Carnet de reportage / Mindanao (3) Une île verte ?

De grands projets sont à l’étude pour le « développement » du front de mer de Davao, et les habitants des terrains convoités par les investisseurs encouragés à aller voir ailleurs.

Sur un plan de Davao trouvé sur Internet – sans doute pas tout récent -, Isla Verde est une bande de terre allongée, parallèle au boulevard Quezon. Elle en est séparée par un étroit bras de mer. Sur le dépliant acheté à la réception de l’hôtel, en revanche, plus trace d’île, verte ou de quelque autre couleur, mais la terre ferme : un espace quasiment vide de deux à huit cents mètres de large (estimation d’après l’échelle fournie avec plan) séparant le boulevard de la mer.
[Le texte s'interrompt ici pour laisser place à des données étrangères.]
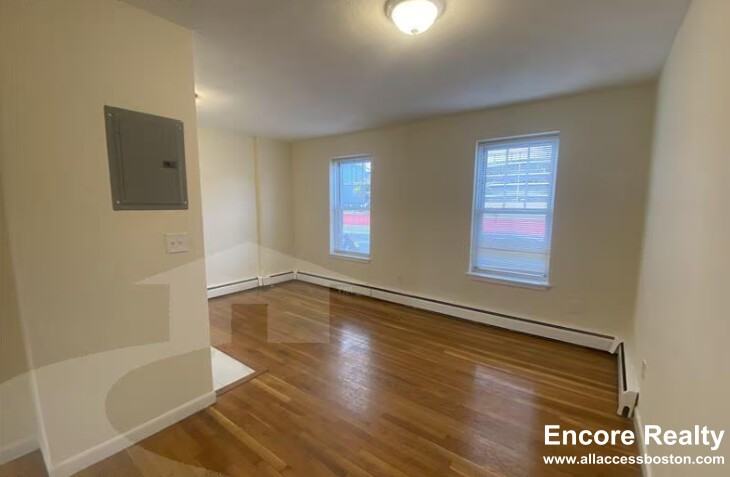 176 N Beacon St #1A - Photo 7 of 7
L’image satellite fournie par Google Map et une visite sur les lieux infirment l’une et l’autre version : pas d’île mais pas un centimètre carré d’espace vide non plus. S’il fût sans doute un temps où, à marée haute, une portion du littoral couvert de mangrove devenait île, c’est un temps révolu. Aujourd’hui, le boulevard Quezon sert de ligne de démarcation entre le centre ville de Davao et des quartiers populaires qui s’étendent du môle de Santa Ana à l’embouchure de la Davao River. Plusieurs dizaines de milliers de familles (dont deux communautés d’indigènes Badjao). Baraques bricolées de bric et de broc. Pilotis, bambou, bâches, tôles ondulées. Dédales de ruelles, de passerelles instables. Ça prive la ville d’une promenade en bord de mer présentable et exaspère les promoteurs immobiliers en quête d’espaces à et où investir. Plus pour longtemps, peut-être.
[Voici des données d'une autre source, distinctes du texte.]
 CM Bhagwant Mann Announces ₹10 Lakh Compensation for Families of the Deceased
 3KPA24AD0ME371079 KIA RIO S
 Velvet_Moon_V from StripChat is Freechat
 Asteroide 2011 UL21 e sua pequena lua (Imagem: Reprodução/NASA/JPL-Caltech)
Début mai 2015, Ivan Cortez, directeur du Davao Investment and Promotion Center, annonçait que deux projets de « développement » du front de mer concernant la zone susdite avaient été déposés par :
– Malaysian Mercury Group. Pour : construction d’une zone commerciale. Superficie : 76 hectares. Montant de l’investissement : 67 milliards de PHP (environ 340 millions d’euros).
– Mega Harbour (société à capitaux philippins). Pour : construction d’espaces commerciaux, zone résidentielle, infrastructures touristiques, port. Superficie : 200 hectares. Montant de l’investissement : 33 milliards de PHP (environ 150 millions d’euros).
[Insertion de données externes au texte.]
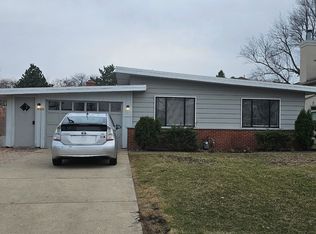 4531 Lilac Ave, Glenview, IL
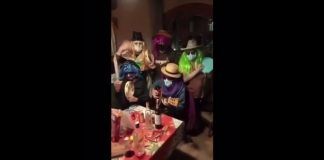 Canción protesta por la retirada del cajero de Ibercaja de Plan (VÍDEO)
Les populations résidant sur les terrains ciblés seront réinstallées ailleurs. De préférence loin du centre ville et des zones à fort potentiel économique. Pour les pêcheurs artisanaux et les communautés d’indigènes Badjao, la proximité de la mer est vitale. Pour les autres, en grande partie des familles à faible revenu survivant de petits boulots dans le secteur informel, une relocalisation signifie éloignement du centre ville et coûts de transport accrus. Beaucoup ne veulent pas partir.
Et alors ?
Le 4 avril 2014, plus d’un millier d’habitations du barangay (quartier) 23C partaient en fumée, privant de leur logis 3.500 familles. Une partie a, depuis, accepté la proposition de réinstallation de la mairie. Un an plus tard, presque jour pour jour (2 avril 2015), le feu éliminait encore 57 maisons, toujours dans le même quartier… ciblé par le projet Mega Harbour.
L’organisation Kadamay (mouvance gauche radicale), qui travaille à organiser les populations urbaines pauvres, constate que les quartiers populaires concernés par de grands projets immobiliers connaissent un taux bien plus élevé que les autres d’incendies « accidentels » et suggère qu’il ne s’agit peut-être pas d’un phénomène naturel.